The Pound extends its losses against the Euro and US Dollar in the early hours of Friday’s trading session, following another string of poor economic data that shows a contraction in UK production. Both Industrial and Manufacturing Production figures came in worse than analyst predictions, despite a weaker Pound making UK products more attractive.
Brexit is the real issue at large, as the government prepares itself for an EU-exit in the coming weeks, possibly days, markets are looking for any signs of confidence in UK PLC.
Higher inflation looks set to continue and few signs as yet, put to a slowing down of consumer spending. If this trend is set to continue and wage growth can keep pace this may soften the blow created by the Brexit vote.
Amid the frantic toing and froing from the House of Commons and Lords, the key issue of EU citizen rights is still a hot subject, but comments from Guy Verhofstadt this morning suggest that UK citizens may be able to keep their right to free movement after Brexit.

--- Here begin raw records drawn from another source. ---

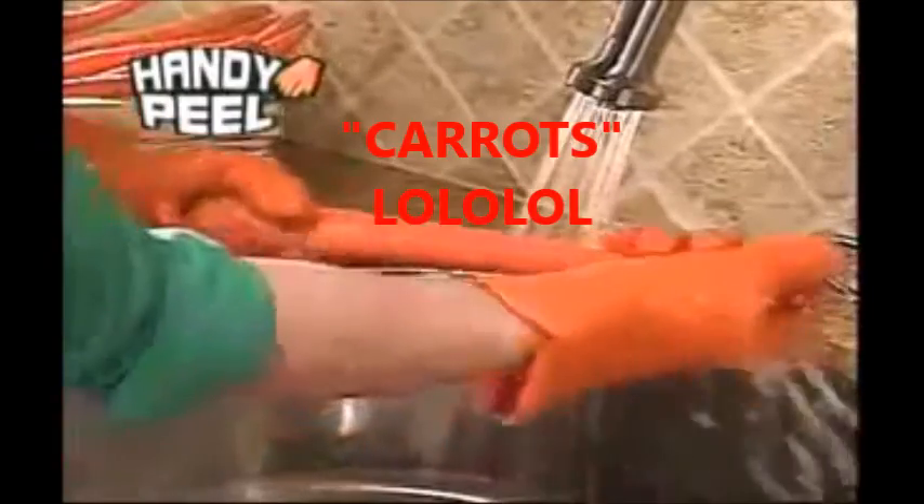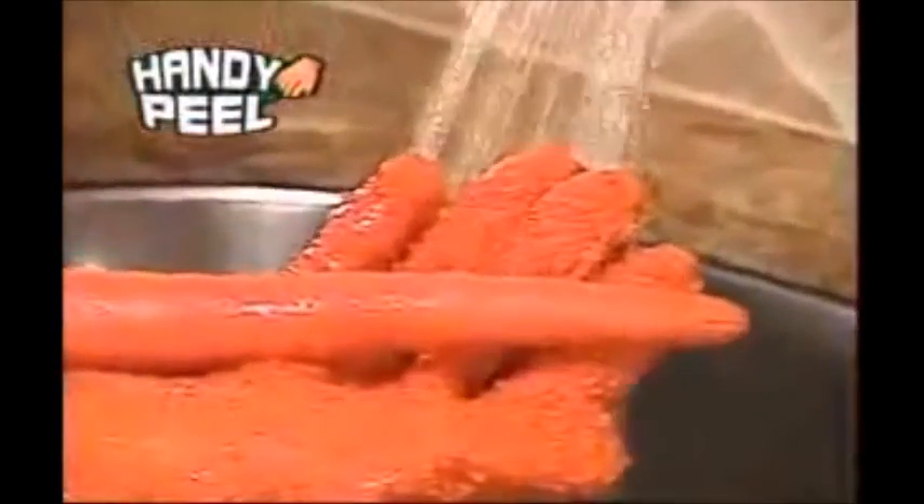And it's not just for all types of potatoes. Handy Peel is perfect for carrots — done in three seconds. Preparing fresh veggies filled with vitamins and nutrients is as easy as rub, peel, and scrub.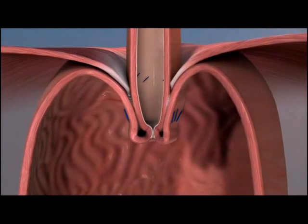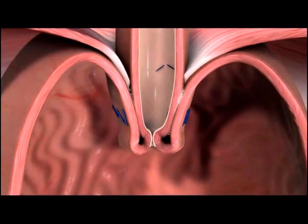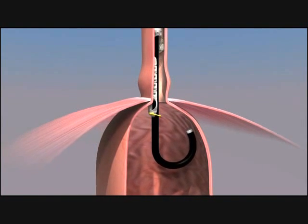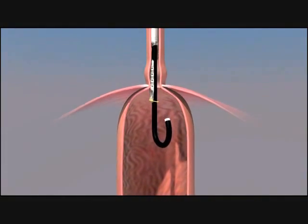Fundaplication is an incisionless surgical procedure that reconstructs the body's natural physical barrier to reflux. The stomach is inflated and the endoscope is advanced and turned so that it is looking up at the entrance to the stomach. This is where the anti-reflux valve will be created.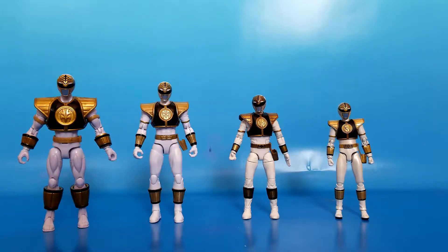Hello, friends! Yesterday I reviewed a White Ranger, and the day before that I reviewed a White Ranger, and today I thought: why don't I just review all the White Rangers? Well, all the ones I have, anyways.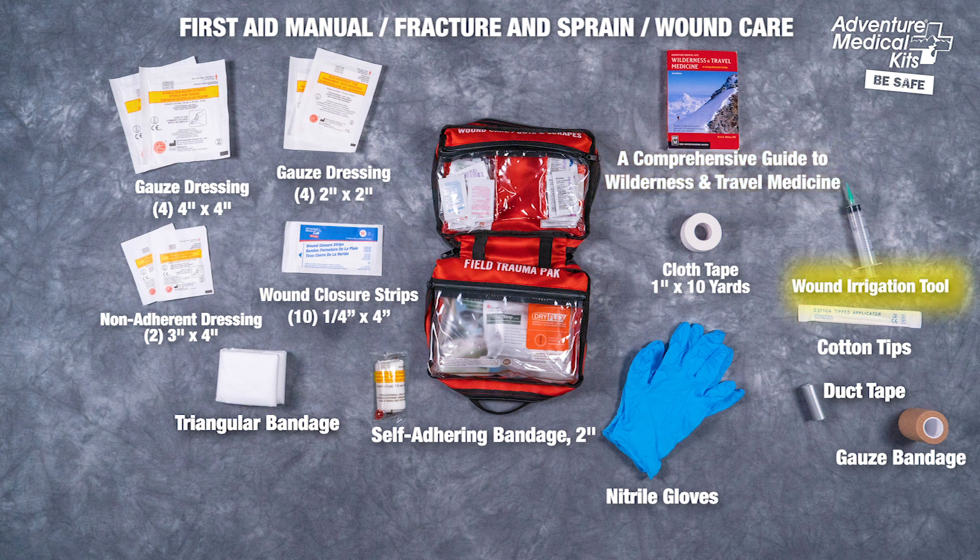The wound care pocket features an irrigation syringe to clean wounds, wound closure strips to close wound edges, and sterile dressings to protect wounds. Fracture and sprain items include a triangular bandage.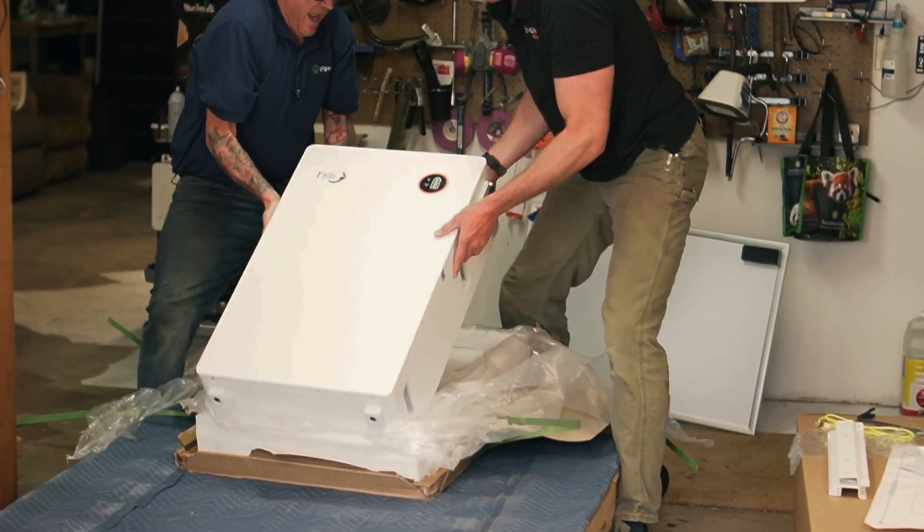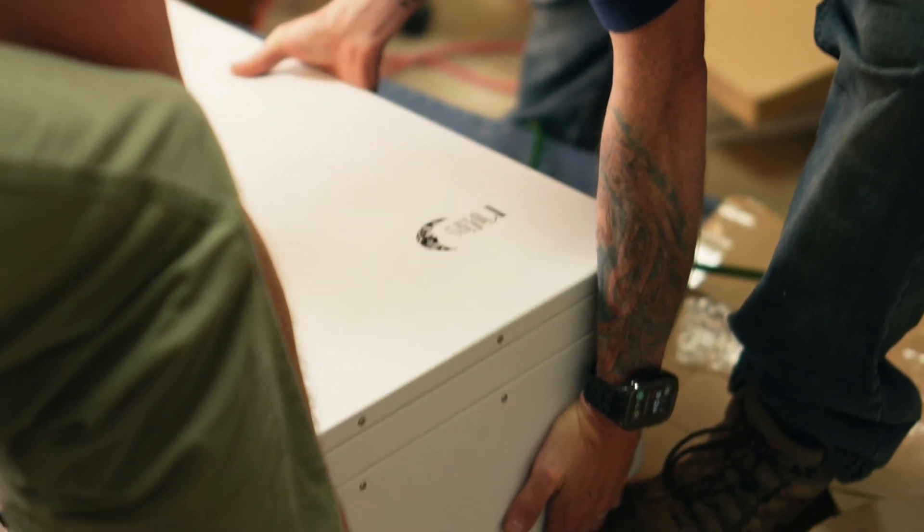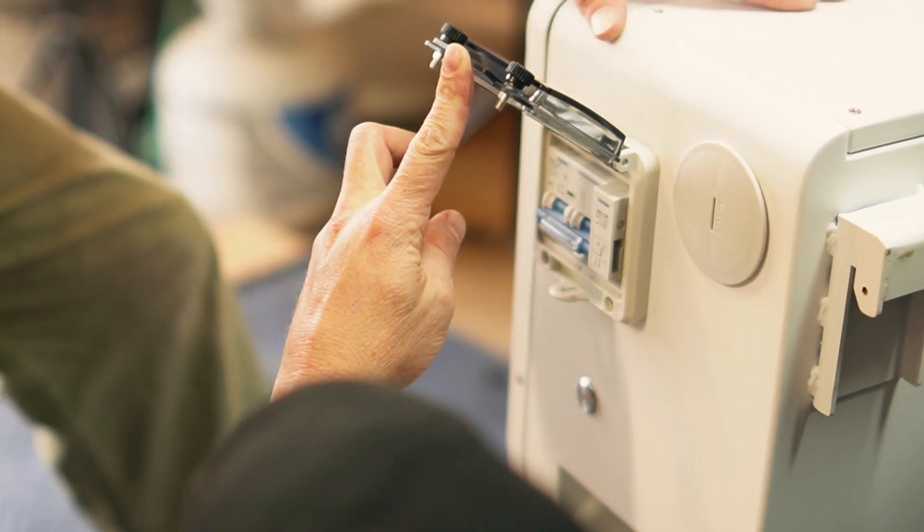Harley came over to help me with this Midnight Power Flow battery because it weighs like 300 pounds. The form factors have gotten bigger and bigger, which is cool because then you only need one or maybe two, as opposed to just a couple years ago when you'd need a whole rack of batteries. The only problem is you need two or three people to lift it.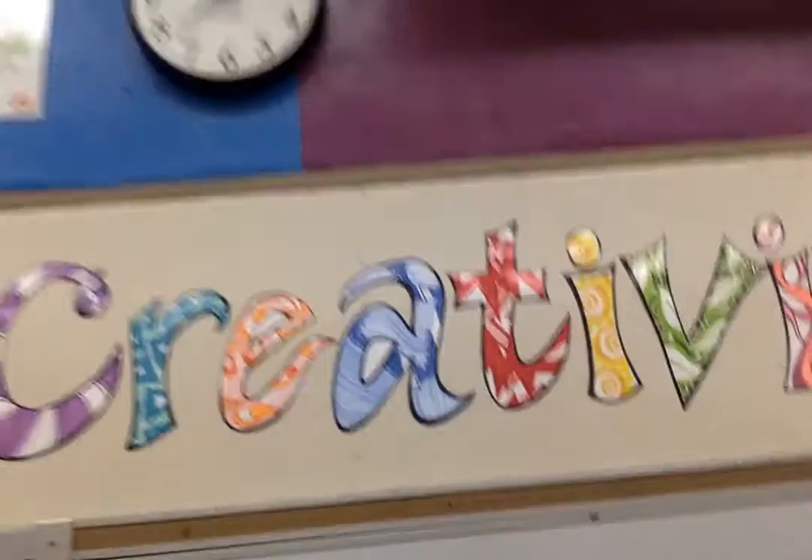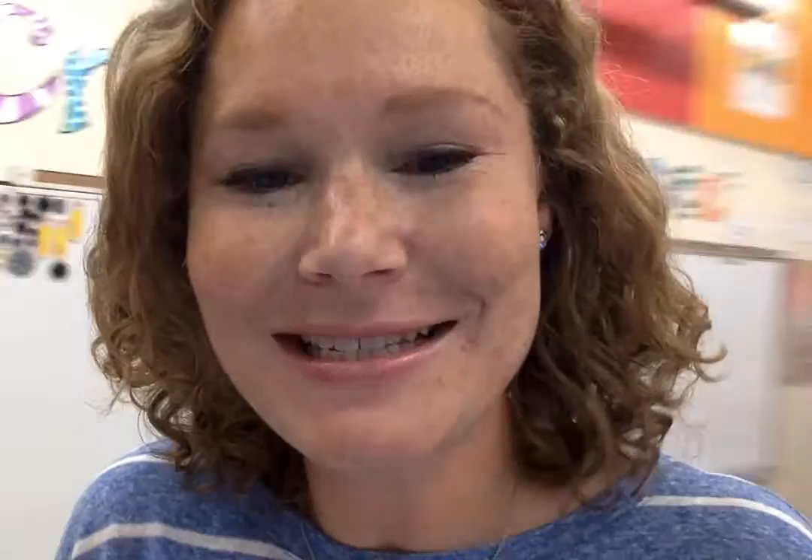I also have something really interesting — look up at this clock. Do you see something there? Let's check out my supplies, see if you see something there. It might be... hmm, I see two. I wonder how many more butterflies are hidden around this classroom.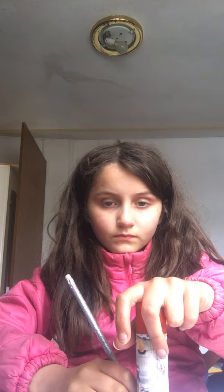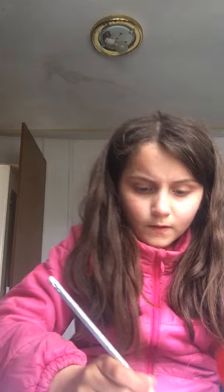I have one so I can show you. Then what you do is draw round it. So, I drew a perfect circle there.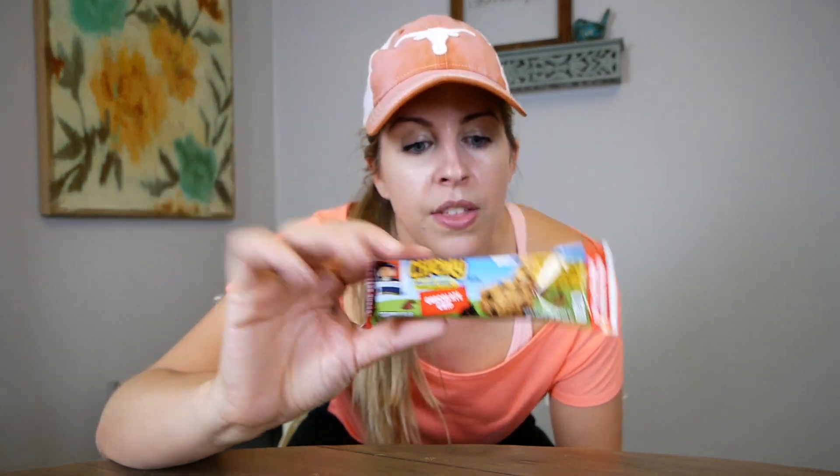That wraps up my what I eat in a day video. I really hope you enjoyed it. In a couple hours I might have a little sweet treat before bed — these are just 100-calorie granola bars that I really like. I hope this provides some motivation to start cleaning up your diet and working out. Let me know in the comments if you'd like to see a fitness video on how I work out at home. Subscribe to my channel if you haven't already, give this video a thumbs up, and I'll see you guys very soon. Thanks for watching.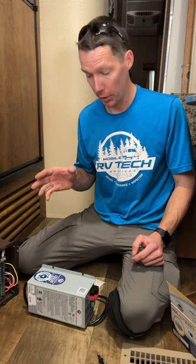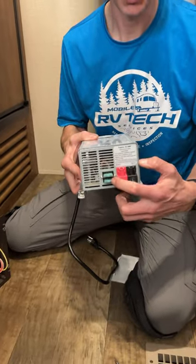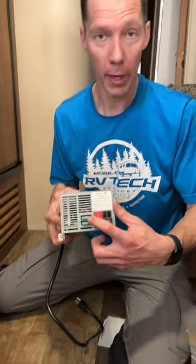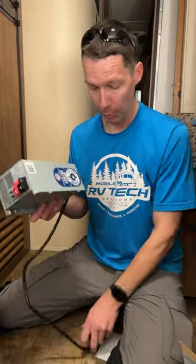Converters are a very common thing to go out in RVs. On the converter itself there are two fuses — reverse polarity and load fuses — so make sure those are good. In this situation the battery is at 12.5 volts, and we have the same reading at the batteries and coming out of here. We have power coming to the converter, so the old converter is dead.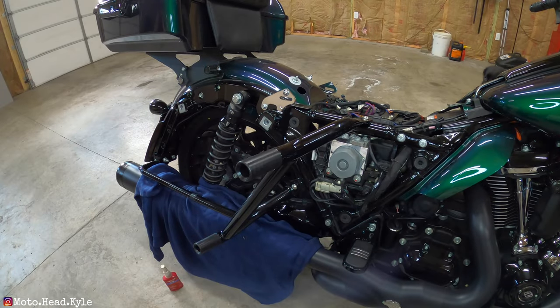That's all there is to it for this side. Just got to wipe everything off, then once we finish the other side, reinstall the seat, side covers, and saddlebags. Let's get to it on the other side - and let's try to remember to record everything.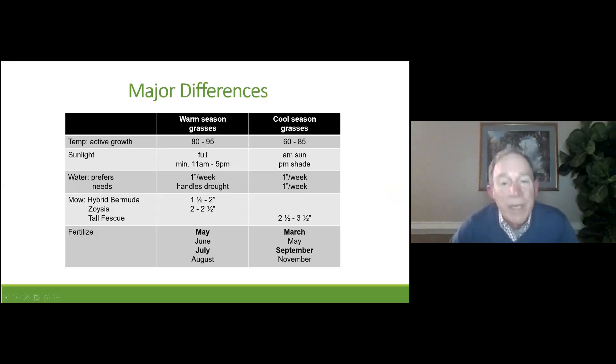This slide shows the comparison between warm season grasses and cool season grasses as to how they grow differently. Some of you may have both types of grass on your property — perhaps your front yard is a warm season grass and your backyard might be fescue. There's nothing unusual about that, but it does mean you're going to have to mow them differently, water the tall fescue regularly in the summertime, and fertilize them at different times of year.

The UK trade balance has posted another positive figure as the balance of imports/exports change course. In the wake of the Brexit vote, British exports became far more attractive pushing up demand for all things British. This comes at a price however, as the opposite is true for products overseas. Consumer prices have already risen since the vote last June which in turn could drive lower consumer spending, watch out for UK retail sales this month.
The UK is heading for a complete change of direction and will need to untangle 4 decades of social, political and economic ties with the remaining 27 members. Hopes for a quick trade deal look slim, given that it took Canada almost a decade to reach any agreement with the EU. Much more than this, the government’s stance on Brexit has only further salted the wounds of the European project.
It’s not so much that Brexit is a bad idea, if the government had a contingency plan from the word go, the impact it would have had on the Pound would have been limited. Instead, May plans to take the UK through a black hole and hopes that the other side will offer bigger and better opportunities.
The PM plans to opt for a no deal if the UK receive a worse deal than it currently has, and the prospect of this situation ringing true has GBP investors running for the hills.